Regional cerebral glucose utilization transiently increases during mild hypoxia

Regional cerebral glucose utilization (rCMR(glu)) was studied during mild hypoxic hypoxia in awake free-ranging rats. Rats were prepared with chronic arterial and venous catheters and placed in individual chambers for 4 days to recover from surgery before the experiments. The catheters were accessible by passing them through the top of the chambers. Hypoxia was induced by filling the chambers with a gas mixture consisting of 11% O₂ in a balance of N₂. Regional CMR(glu) and physiological parameters were measured in normoxic controls and in rats that had been hypoxic for 2 and 17 min before beginning the measurements.
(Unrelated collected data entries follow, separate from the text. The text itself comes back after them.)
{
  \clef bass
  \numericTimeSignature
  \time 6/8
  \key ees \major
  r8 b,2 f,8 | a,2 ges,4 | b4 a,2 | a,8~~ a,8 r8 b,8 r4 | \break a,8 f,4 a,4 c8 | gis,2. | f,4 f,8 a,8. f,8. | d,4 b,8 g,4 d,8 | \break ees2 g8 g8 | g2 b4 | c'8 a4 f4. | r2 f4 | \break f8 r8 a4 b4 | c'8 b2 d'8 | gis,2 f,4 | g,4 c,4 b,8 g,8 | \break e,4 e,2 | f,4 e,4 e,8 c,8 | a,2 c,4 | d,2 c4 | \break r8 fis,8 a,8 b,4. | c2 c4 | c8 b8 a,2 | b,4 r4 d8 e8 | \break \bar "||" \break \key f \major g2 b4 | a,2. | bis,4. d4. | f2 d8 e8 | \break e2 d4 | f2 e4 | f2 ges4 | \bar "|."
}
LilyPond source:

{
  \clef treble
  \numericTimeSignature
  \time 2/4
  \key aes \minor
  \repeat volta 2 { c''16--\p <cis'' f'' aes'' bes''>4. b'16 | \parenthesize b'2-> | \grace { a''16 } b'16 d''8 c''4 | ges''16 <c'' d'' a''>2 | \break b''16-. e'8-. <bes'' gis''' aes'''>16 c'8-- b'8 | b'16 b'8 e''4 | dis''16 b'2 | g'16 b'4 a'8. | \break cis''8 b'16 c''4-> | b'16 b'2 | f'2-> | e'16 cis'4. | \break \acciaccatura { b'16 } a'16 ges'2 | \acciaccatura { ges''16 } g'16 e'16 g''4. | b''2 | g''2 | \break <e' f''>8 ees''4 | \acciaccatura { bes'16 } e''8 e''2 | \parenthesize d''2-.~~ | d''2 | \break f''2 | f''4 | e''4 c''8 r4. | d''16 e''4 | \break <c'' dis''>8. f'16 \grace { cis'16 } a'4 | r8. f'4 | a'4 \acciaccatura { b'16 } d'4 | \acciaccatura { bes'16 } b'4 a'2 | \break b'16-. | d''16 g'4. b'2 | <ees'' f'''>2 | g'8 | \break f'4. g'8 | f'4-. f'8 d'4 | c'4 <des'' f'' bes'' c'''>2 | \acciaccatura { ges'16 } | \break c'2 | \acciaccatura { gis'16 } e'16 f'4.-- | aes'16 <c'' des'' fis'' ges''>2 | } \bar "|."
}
Regional CMR(glu) was measured in 17 brain regions using [6-¹⁴C]glucose. P(a)O₂ decreased from 88 mm Hg in the controls to ~ 40 mm Hg during hypoxia. In the early stages of hypoxia (2-12 min), rCMR(glu) increased ~ 10-25% above the control rates. In later stages of hypoxia (17-27 min), rCMR(glu) was not different from that in the normoxic controls. The increase in rCMR(glu) in the early hypoxia was not blocked by propranolol (1.4 mg/kg), indicating that beta-adrenergic receptors were not involved with the increase in rCMR(glu). It was concluded that mild hypoxia is associated with an increased rate of cerebral glucose utilization; however, the increase is transitory, with glucose utilization returning to control rates before 17 min.